I have implemented this algorithm just using class and type declarations and some constant expressions. I have got the inspiration for this from reading the book 'Modern C++ Design' from Andrei Alexandrescu, so most of the basic ideas are not mine. While I tried to figure out how I could solve this I have learned a lot and had much fun. So I hope you will enjoy the solution I have found, even if there is a better one (I suspect there are some). As I now start to talk about nearly only static types, I will use the word 'type' frequently to remind us that I am talking about types, even if there are words like 'algorithm' in the text.
Some Tools
For the bookkeeping something similar to an array of booleans will be needed. With type lists like introduced in 'Modern C++ Design' one can build a generic list type with a specific set of items in it and some functionality to get a type with a specific item removed. In addition I will need some device to determine if an item in question is part of a the list. The generic set to build a list with a set of items itself can be implemented with a few templates:
template <int I> struct item { enum {id = I}; typedef item<I-1> next; }; struct null {}; template <class H, class T> struct node { typedef H head; typedef T tail; }; template <int I> struct set { typedef node<item<I>, typename set<I-1>::value > value; }; template <> struct set<-1> { typedef null value; };
The template 'item' is an item of the set created from a compile time constant integer value to give each item a different static type. The inner type 'next' can be used like an increment to find the item that follows on another item (while the value 'id' will decrement to make algorithms easier). The struct 'null' is a type to serve as a generic null for indication of list ends or empty sets. I will use it often. 'Node' is simply used to link two types together. The inner type 'head' will be an instantiation of 'item' and 'tail' another instantiation of 'node' or the type 'null' if it is the last type in the linked type list. Finally the template 'set' defines a linked list type of I+1 nodes by recursively declaring the inner type 'value' as a node with an item as head type and another 'set::value' with the template parameter decremented. To end the recursion and to get the type null into the tail of the last node, the template 'set' if fully specialized with a value type equal to 'null'. In addition one would get a resulting type of 'null' for an empty set (with I equal to -1). First the approache to remove an item out of a linked list:
template <class List, class Item> struct remove; template <class List, class Item> struct remove<node<Item, List>, Item> { typedef List result; }; template < class Head, class Tail, class Item > struct remove<node<Head, Tail>, Item> { typedef node<Head, typename remove<Tail, Item>::result > result; }; template <class Item> struct remove<null, Item> { typedef null result; };
The template 'remove' takes an instantiated node type and an item to remove as template parameters. It declares a new type 'result' that will be another list but with the given item removed or will be the type null if the resulting list is empty. The compiler has to choose the first or the second specialization, depending on wether the head of the node is equal to the item to remove or not. In case that the head of the node is equal to the item to remove, the compiler has to choose the first specialization because it defines a specialization for the case that the first template parameter of the given node (the head) is equal to the second parameter of the 'remove' template (the type to remove). The result type is simply the tail of the node. If it was the last type in the list it would be just struct null. The second specialization handles all other cases where the first parameter is of type node and where head, tail and the type to remove are unrelated. Here the result is a typedef of a node with the same head type as the node passed to the template as a parameter and the original tail without the item to remove. Now again the compiler has to decide which of the first two given specializations is more appropriate to the tail of the list. Once the compiler finds the first specialization and removes the item, the typedef is complete. The third specialization applies for the case the list is empty or the type to remove is not part of the list.
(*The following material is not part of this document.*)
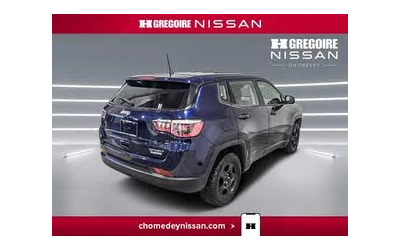 Jeep Compass Sport FWD* АвтоКреди* (ЦЕНА ДО БГ) - автомобили, коли, обяви за нови и употребявани 6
I did not provide a complete type or default declaration for the remove template. I found two advantages to do so. The first is that you will find an error whenever you try to instantiate this template with another type than an instantiated node or the null type much quicker, because the compiler will report an incomplete type and not the missing of any type. The second advantage is that you can avoid typing the keyword typename too much because you will get all of the needed types from the template parameter list. A third interesting feature arises from this: this would work even if you deleted the head and tail types out of the node because these types are deduced from the specializations of the remove template.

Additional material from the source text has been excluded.